Your goal: Reproduce every entry exactly and leave its pictures out.
** Data for processing follows **
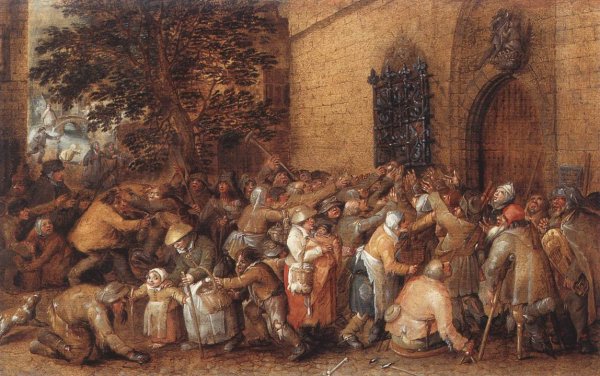 Distribution of Loaves to the Poor by David Vinckboons - Hand-Painted Oil Painting Reproduction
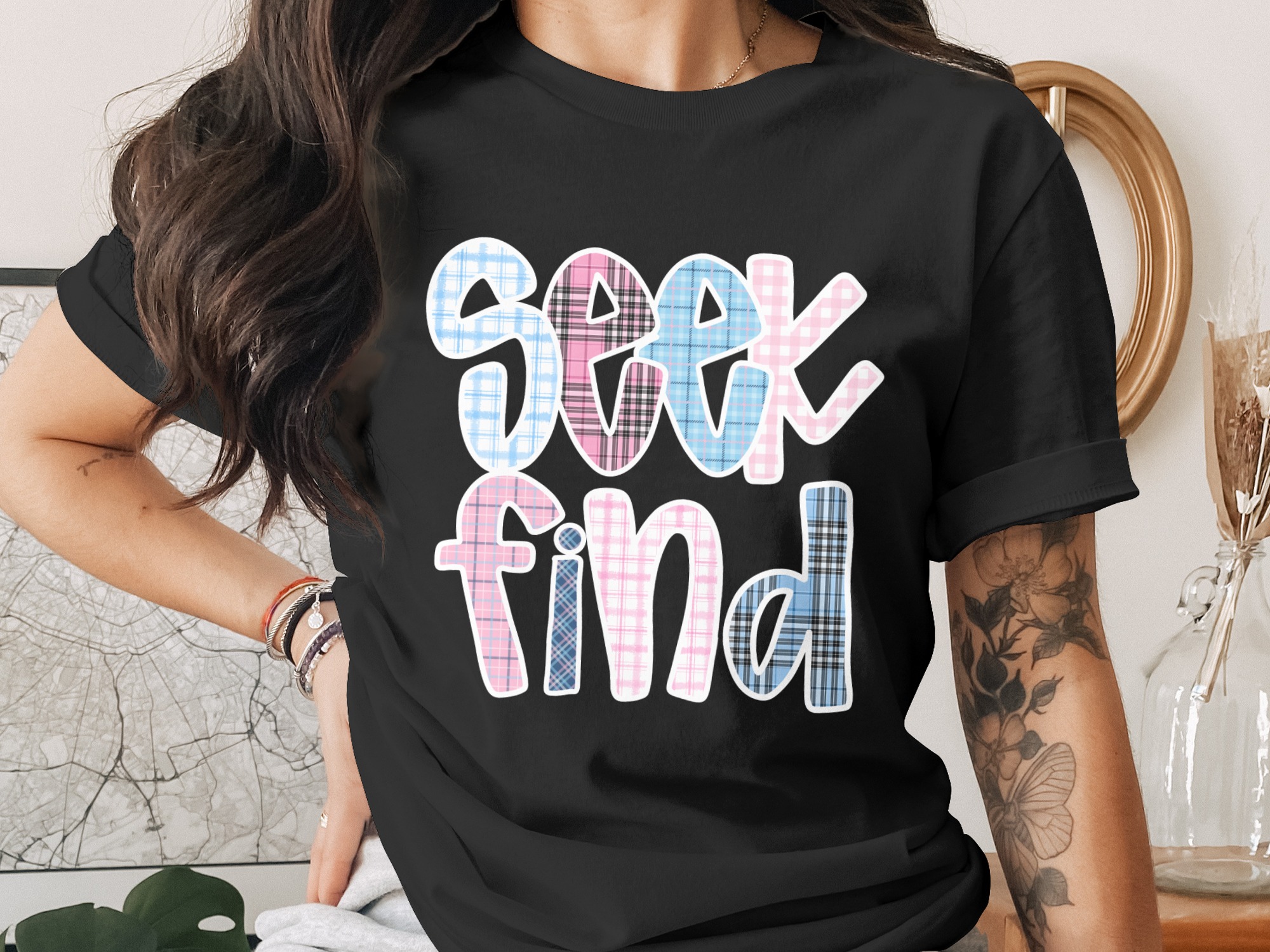 Seek Find Plaid PNG, Pink Blue Checkered Sublimation Design, Digital Download Shirt Graphic, DTF Transfer Printable Art, Instant Download - Image 2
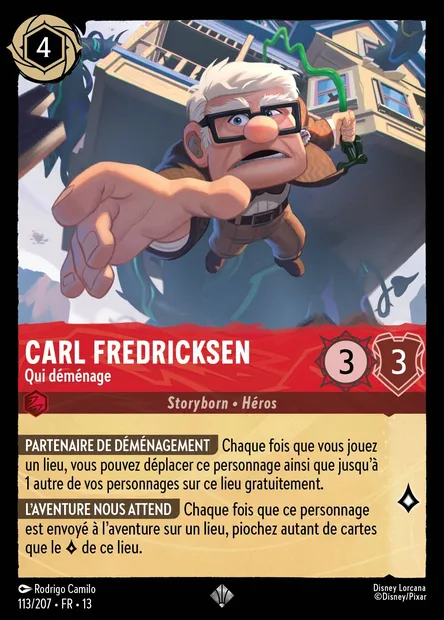 Carl Fredricksen - Qui déménage, carte Disney Lorcana CH13-113 — extension Invasion Epineuse!
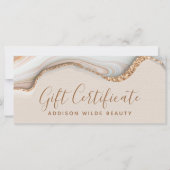 金ゴールドエレガントグリッター大理石瑪瑙ギフト証明書 (正面)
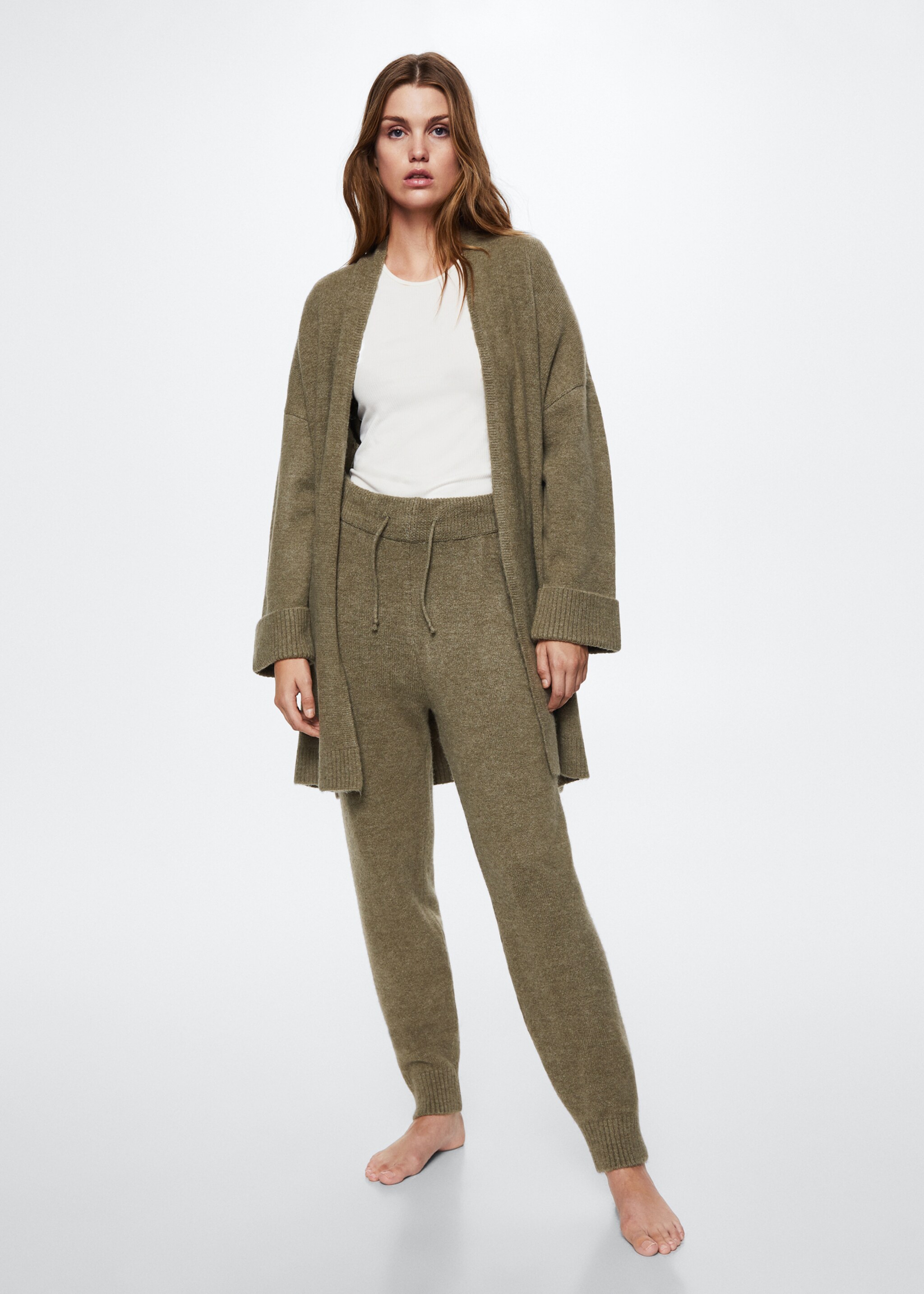 Cotton-linen knitted trousers  - General plane, Khaki. Ref: 37028256-00.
** End of Data for processing **
Output of the task:
 Distribution of Loaves to the Poor by David Vinckboons - Hand-Painted Oil Painting Reproduction
 Seek Find Plaid PNG, Pink Blue Checkered Sublimation Design, Digital Download Shirt Graphic, DTF Transfer Printable Art, Instant Download - Image 2
 Carl Fredricksen - Qui déménage, carte Disney Lorcana CH13-113 — extension Invasion Epineuse!
 金ゴールドエレガントグリッター大理石瑪瑙ギフト証明書 (正面)
 Cotton-linen knitted trousers  - General plane, Khaki. Ref: 37028256-00.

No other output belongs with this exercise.